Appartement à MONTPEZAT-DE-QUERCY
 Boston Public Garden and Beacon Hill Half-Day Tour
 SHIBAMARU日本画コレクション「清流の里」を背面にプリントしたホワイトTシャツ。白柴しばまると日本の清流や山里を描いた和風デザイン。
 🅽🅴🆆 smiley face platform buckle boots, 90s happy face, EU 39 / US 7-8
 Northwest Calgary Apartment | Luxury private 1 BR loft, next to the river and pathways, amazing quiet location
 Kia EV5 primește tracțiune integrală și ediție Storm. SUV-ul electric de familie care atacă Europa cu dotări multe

* Work to complete
Only the lines from the one containing "SHIBAMARU日本画コレ" through the last line of the records should appear, each written out exactly.

* Response
 SHIBAMARU日本画コレクション「清流の里」を背面にプリントしたホワイトTシャツ。白柴しばまると日本の清流や山里を描いた和風デザイン。
 🅽🅴🆆 smiley face platform buckle boots, 90s happy face, EU 39 / US 7-8
 Northwest Calgary Apartment | Luxury private 1 BR loft, next to the river and pathways, amazing quiet location
 Kia EV5 primește tracțiune integrală și ediție Storm. SUV-ul electric de familie care atacă Europa cu dotări multe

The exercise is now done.